A ministra da Saúde, Ana Paula Martins, falou na sessão que assinalou o 45.º aniversário do Serviço Nacional de Saúde (SNS) promovida pela comissão parlamentar de saúde. A data, para uns era o assinalar de uma conquista e um dia de luta pela defesa de um direito, para a ministra foi o momento para assumir os planos que o Governo tem em cima da mesa.
A verdade é que há 45 anos, PSD e CDS-PP votaram contra a criação do SNS, e em 2024, tendo a vida facilitada pelos governos PS, o actual Governo AD mantém o preconceito ideológico que levou a posicionarem-se contra um sistema de saúde público.
Entre 1979 e 2024, várias foram as ações da direita contra o SNS. A título de exemplo, em 1982 o VIII Governo Constitucional, um governo de coligação (pré-eleitoral) PSD-CDS-PPM, com maioria absoluta na Assembleia da República, liderado por Francisco Pinto Balsemão e com Luís Barbosa como ministro dos Assuntos Sociais (com a tutela da Saúde) aprovam o
Decreto-Lei n.º 254/82, de 29 de Junho que cria as administrações regionais de cuidados de saúde.
Esse mesmo Decreto-Lei revogava parte da Lei do SNS e, como tal, o Tribunal Constitucional, quase dois anos depois, viria a declarar tal acção como inconstitucional. No Acórdão n.º 39/84, de 11 de Abril, podia ler-se: «Como se vê, o Decreto-Lei n.º 254/82 não substituiu um serviço nacional de saúde por outro; limitou-se a alterar o regime de estruturas pré-existentes que haveriam de integrar-se no Serviço Nacional de Saúde e revogou pura e simplesmente este. Depois de, num primeiro momento, ter anunciado a revisão da lei do Serviço Nacional de Saúde e de, num segundo momento, ter pedido uma autorização legislativa para revogar a lei, substituindo-a por outra lei do Serviço Nacional de Saúde, o Governo, não tendo feito nem uma coisa nem outra, acabou por decidir-se pela nua extinção do Serviço Nacional de Saúde.»

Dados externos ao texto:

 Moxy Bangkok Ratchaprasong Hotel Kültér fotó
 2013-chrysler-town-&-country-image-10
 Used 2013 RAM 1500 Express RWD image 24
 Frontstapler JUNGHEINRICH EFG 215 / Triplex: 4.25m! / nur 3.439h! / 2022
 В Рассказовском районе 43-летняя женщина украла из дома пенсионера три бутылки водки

Um outro exemplo do ataque ao SNS está na segunda revisão constitucional onde foram feitas as alterações mais substanciais ao artigo 64.º da Constituição. Com esta revisão, o PSD procurou introduzir uma legitimação constitucional que impedisse a gratuitidade do SNS.
O SNS passou de «gratuito» para «tendencialmente gratuito» e o Estado passou a ter que «orientar a sua ação para a socialização dos custos dos cuidados médicos e medicamentosos». Deixou também de constar na Constituição «a socialização da medicina e dos sectores médico-medicamentosos», que implicava a orientação do Estado para a prestação pública dos cuidados de saúde e a produção estatal de medicamentos e afins, e abriu-se uma janela constitucional à maior intervenção do sector privado na prestação e no financiamento de cuidados de saúde, como também à gestão privada de unidades públicas de saúde.

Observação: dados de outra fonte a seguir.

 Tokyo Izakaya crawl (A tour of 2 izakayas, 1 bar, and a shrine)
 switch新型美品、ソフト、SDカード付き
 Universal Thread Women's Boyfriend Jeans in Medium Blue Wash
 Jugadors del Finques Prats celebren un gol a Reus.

Este é um breve resumo do historial da direita no SNS, uma herança que o PS nunca procurou contrariar, antes alimentando-a e catalisando-a, e que a actual ministra da Saúde procura continuar. Na cerimónia do 45.º aniversário do SNS, Ana Paula Martins garantiu uma «reforma estrutural» e sem precisar de dizer o que era ao concreto, o histórico recente confirma as intenções.
Num contexto em que o SNS ou não consegue dar resposta à sua missão, ou dá uma resposta muito ineficaz, onde entregues 8 mil milhões de euros do orçamento do SNS aos privados via Orçamento do Estado, em que os profissionais de saúde intensificam a sua luta e as urgências são encerradas, a ministra da Saúde tem optado por ignorar todos os problemas e dirigir a sua acção em prol dos interesses dos grandes grupos económicos.
Foi então que Ana Paula Martins, na cerimónia, disse que conta «com todos os agentes» para a «reforma estrutural» que precisa de um «amplo consenso nacional». Até ao momento o plano do Governo passou já por entregar ao sector privado e social 20 Unidades de Saúde Familiar modelo C e financiar directamente um hospital da Misericórdia do Porto.
A própria ministra afirma que para a tal «reforma estrutural», «os próximos Orçamentos do Estado são essenciais», isto depois de ter anunciado a actualização dos preços das ecografias obstétricas convencionadas com o sector privado. Em causa estão 55 euros por cada ecografia realizada no primeiro e terceiro trimestre da gravidez e de cerca de 80 euros por cada ecografia realizada no segundo trimestre, ou seja, uma despesa com o privado próxima dos 3,6 milhões de euros, que poderia e deveria ser investida no próprio SNS.